Birsh became an advisory member of MHIB and helped get the Maryland Horse Discovery Center program up and running. Now, among many projects, she spearheads Horseland at the Maryland State Fair each summer. “It really was Don Litz’s idea to bring a horse presence to the state fair,” she explained. Litz was on the State Fair board and wanted to see horses brought to the general public. “Horseland is one of the few non-competitive areas of the State Fair and one of the few ways you can engage the general pubic with horses.”
The Horseland tent grows in popularity each year with an average of over 70,000 people walking through over the 11 days of the fair each year. “The magic is sitting there talking with people about horses,” Birsh added. That is the magic of Peddicord too. “He identifies talent, gets them started and then sends them off to war!” Birsh said with a laugh. “And then he is there in your corner the whole time cheering you on and being so supportive. Ross truly is a Maryland treasure.”

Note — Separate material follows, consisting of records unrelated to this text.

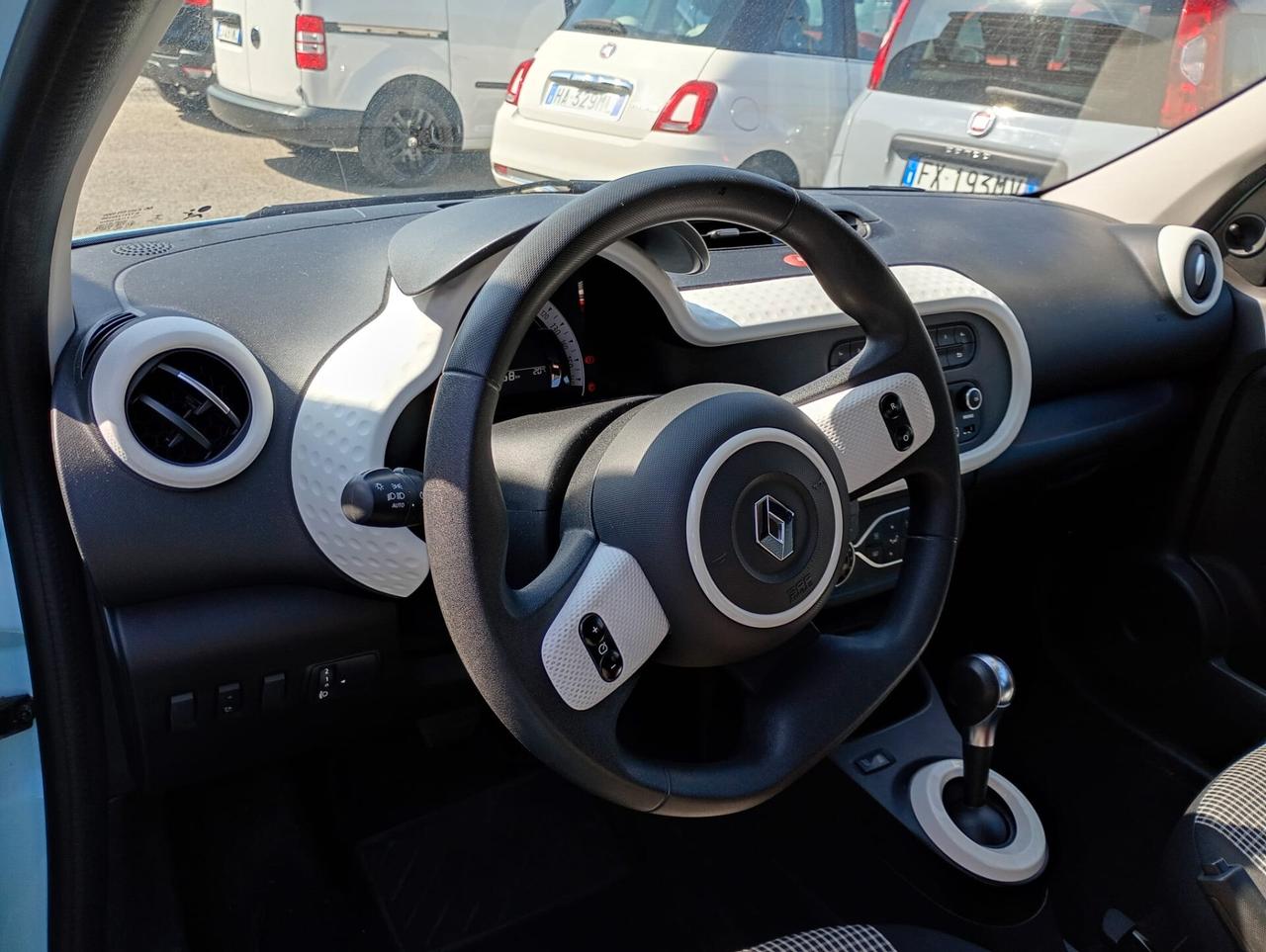 Renault Twingo Electric Urban Night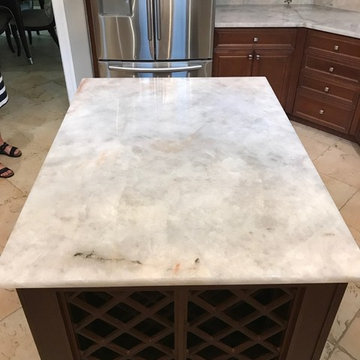 Cristallo Quartzite Counter Tops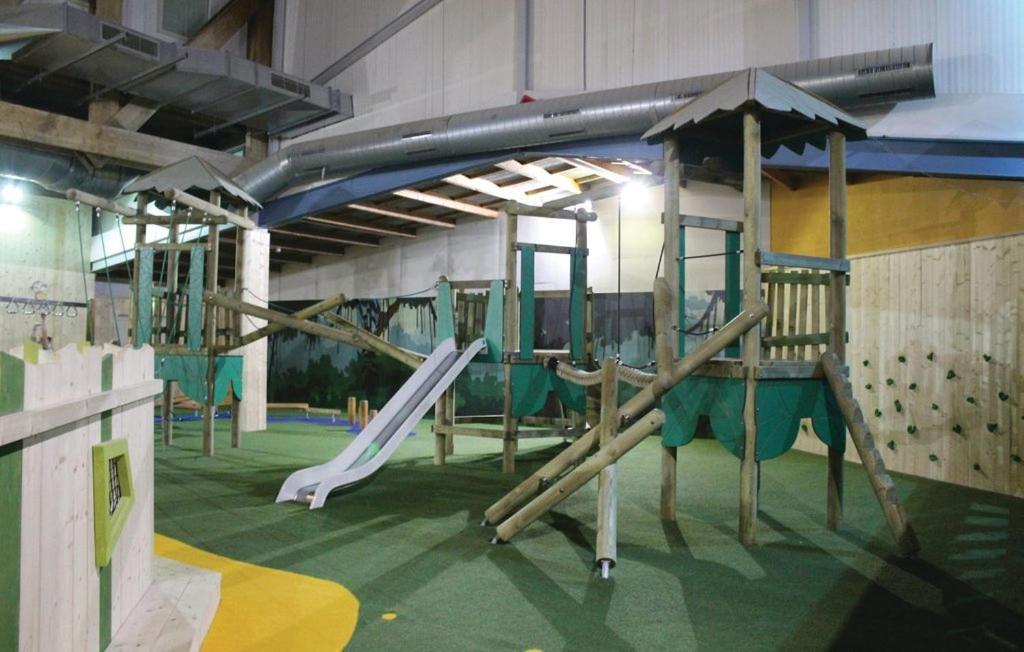Het Familie Boshuisje - Vakantiewoning Op Prachtig Park Met Veel Faciliteiten Inc Ligbad Gramsbergen Εξωτερικό φωτογραφία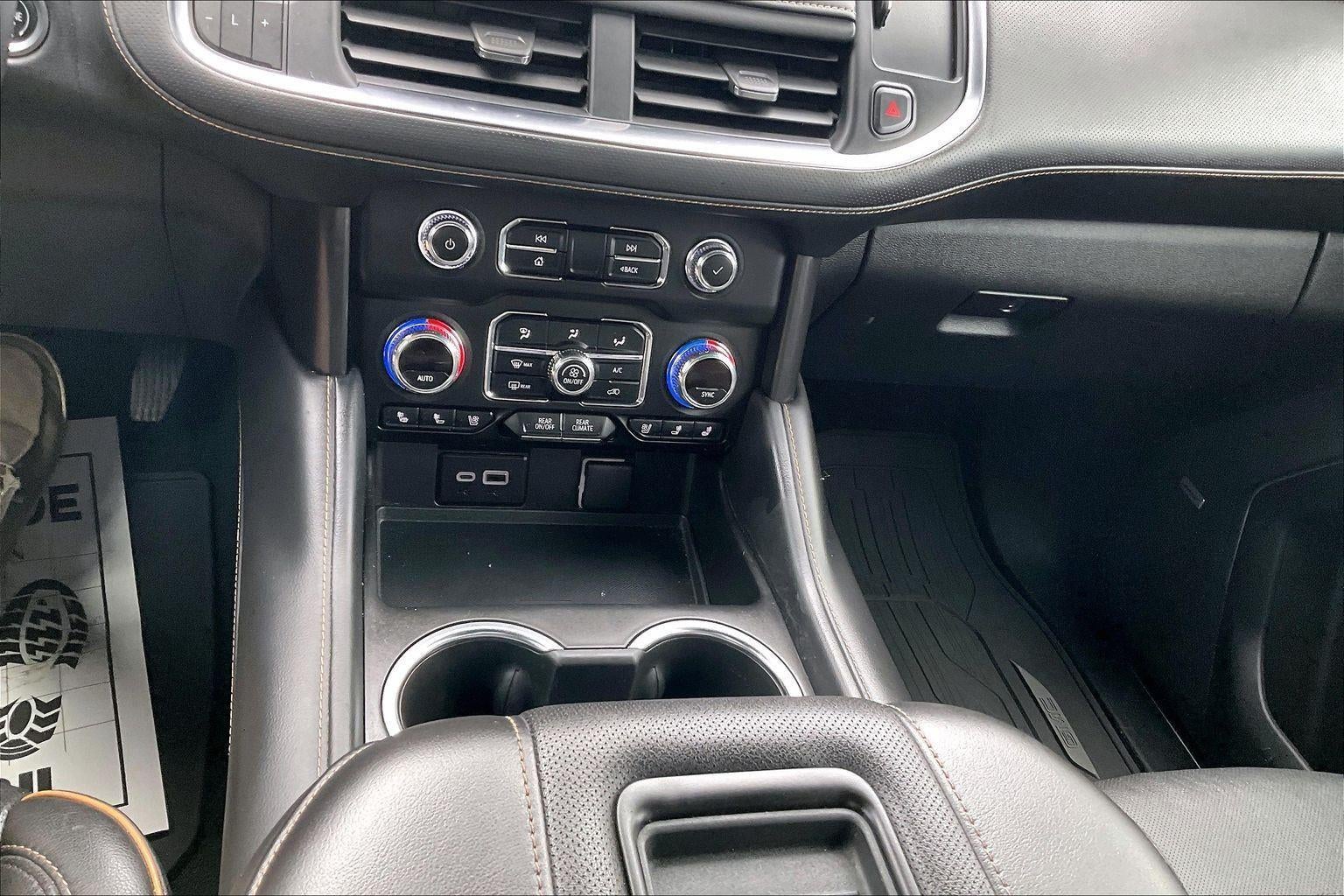 2023 GMC Yukon XL AT4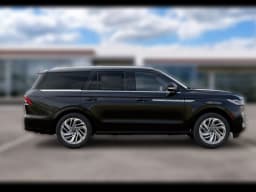 Lincoln Navigator Reserve 4x4 2027 — side view
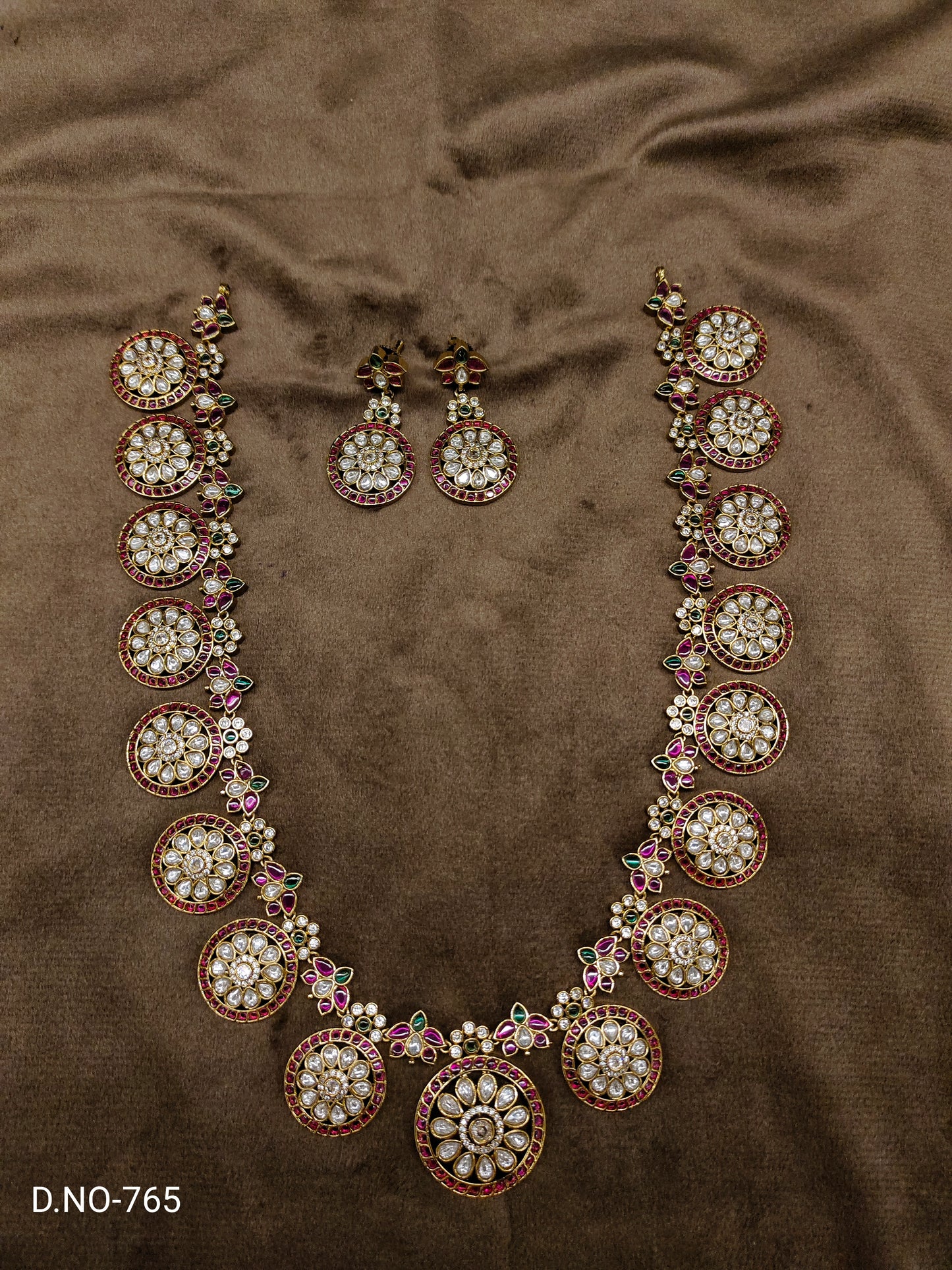 BOTTUMALLA LONG WITH FLOWER DESIGN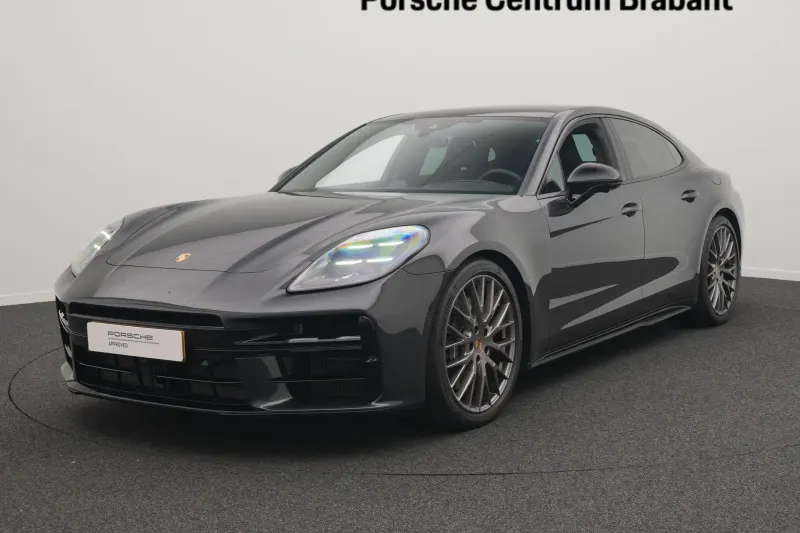 Porsche Panamera (2024)
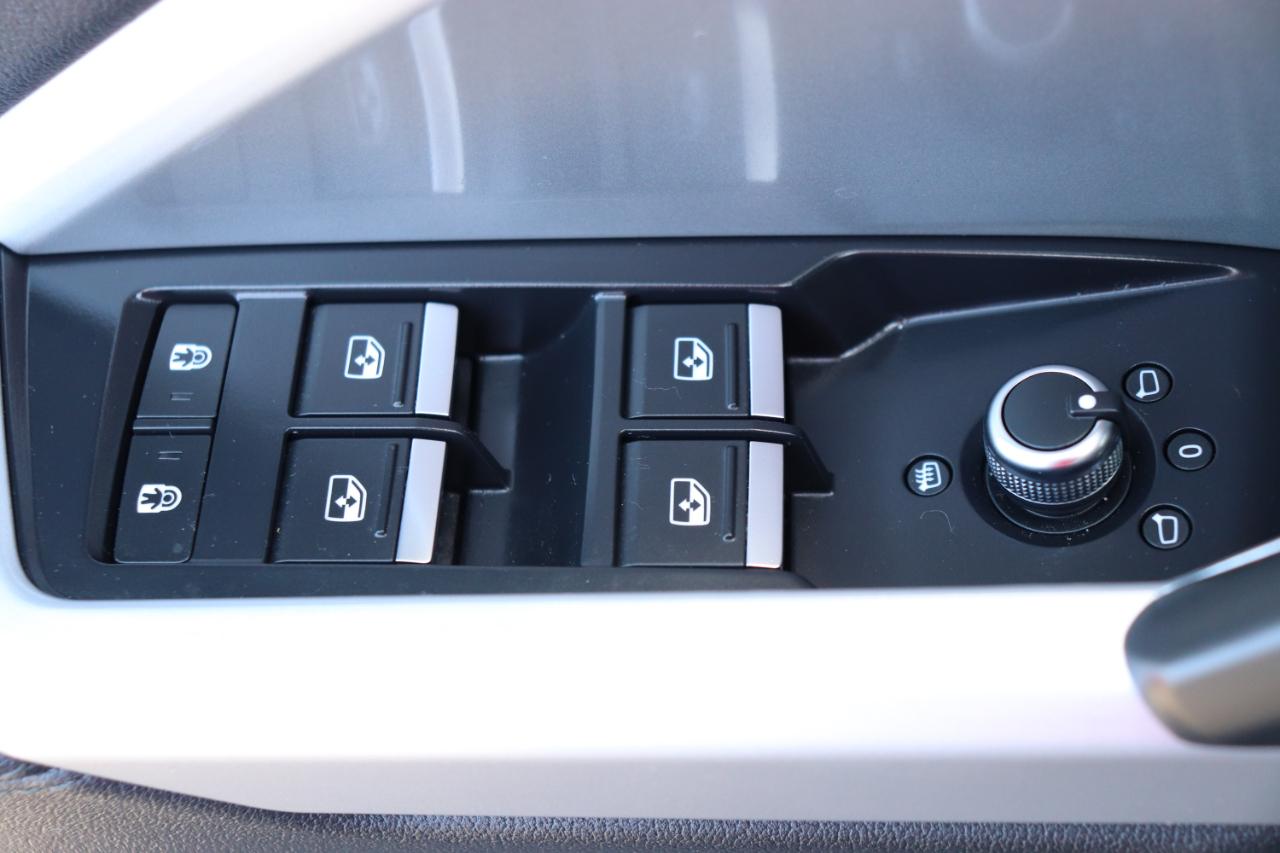 Audi Q3 S line Premium 45 TFSI quattro 2025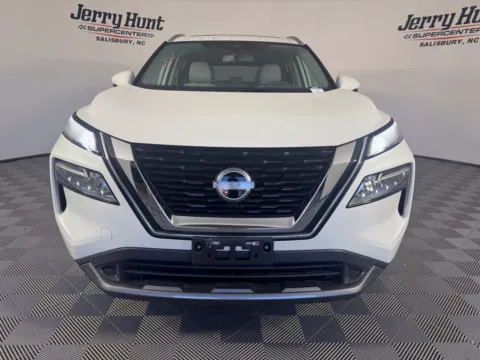 More photos of 2023 Nissan Rogue SL at Jerry Hunt Supercenter - Salisbury, NC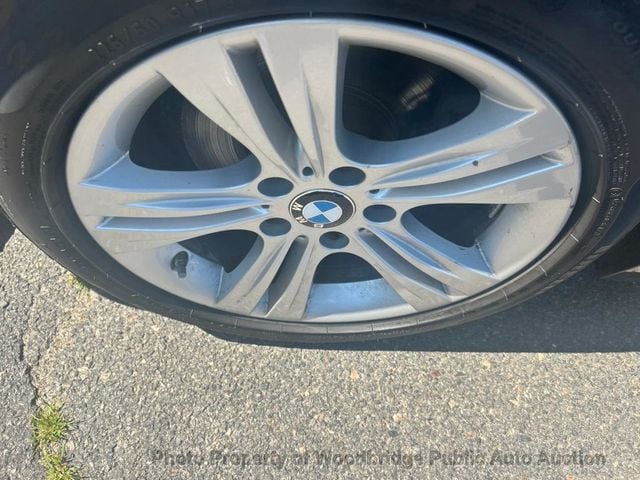 2018 BMW 3 Series 330i xDrive - 23065115 - 13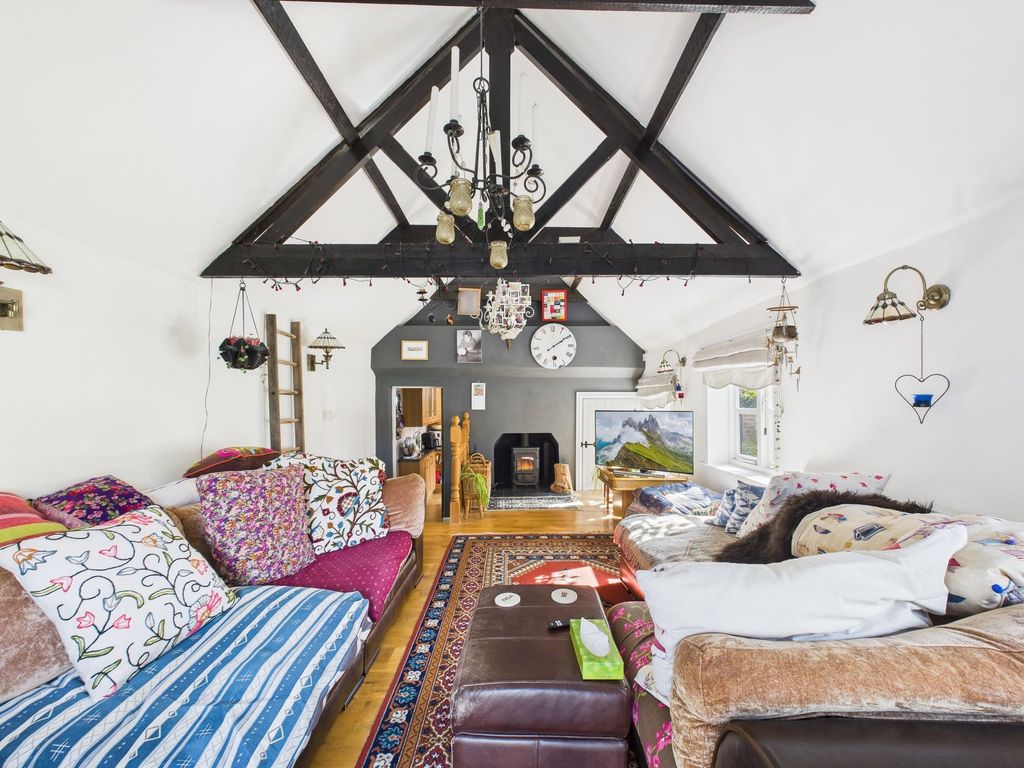 Property photo 1 of 35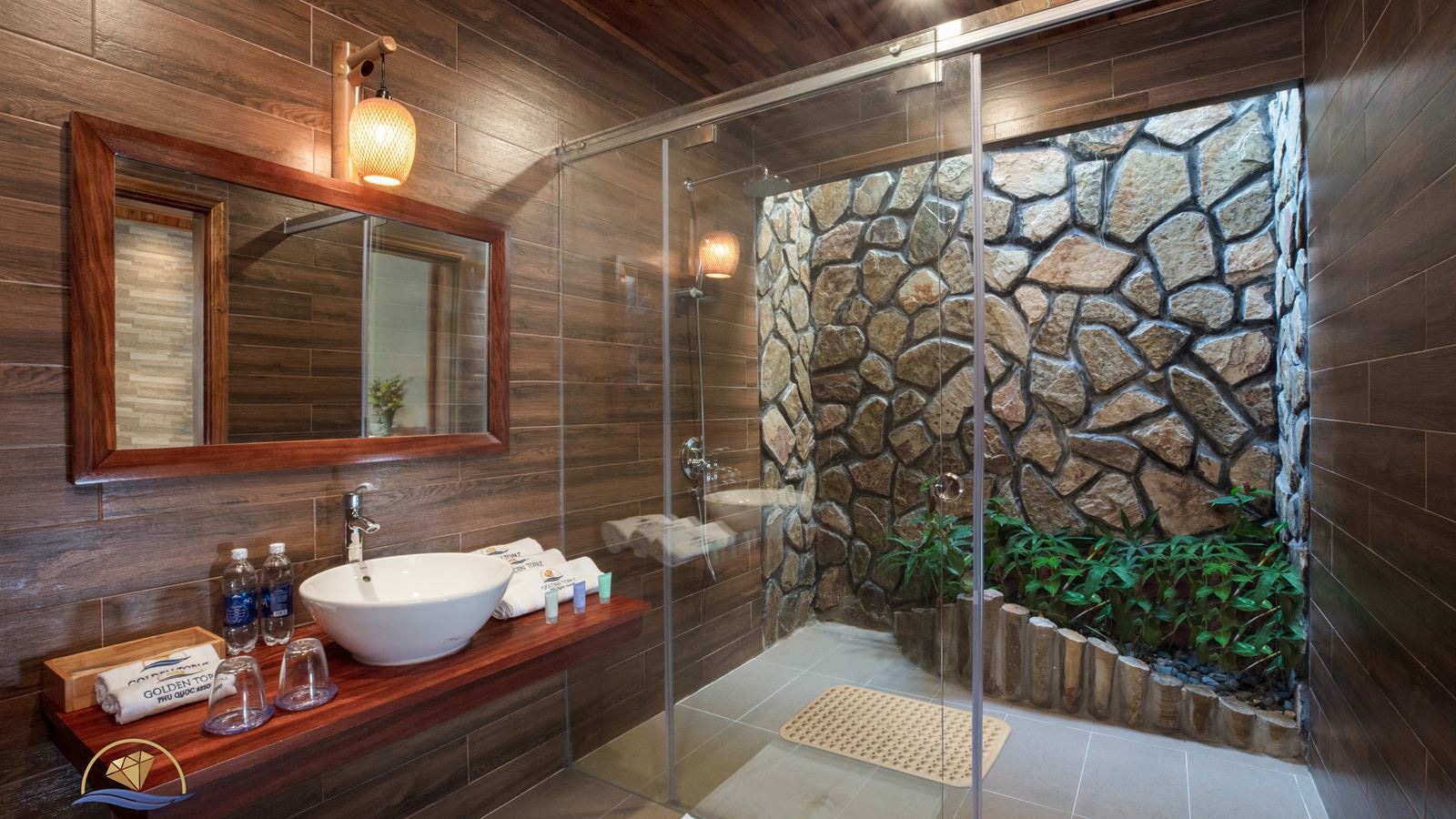 rooms-superior-with-balcony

According to current MHIB President Jim Steele, Peddicord also started the Touch of Class award program, which honors Maryland horses, individuals, teams, organizations or events that demonstrate the highest standards of excellence in the Maryland horse industry by achieving national or international recognition. “I had wanted to acknowledge horse excellence within the state and at the time, [MHIB] latched onto the Maryland Best Program,” Steele explained. “But that program just wasn’t the right spot for horse people so Ross came up with the Touch of Class.”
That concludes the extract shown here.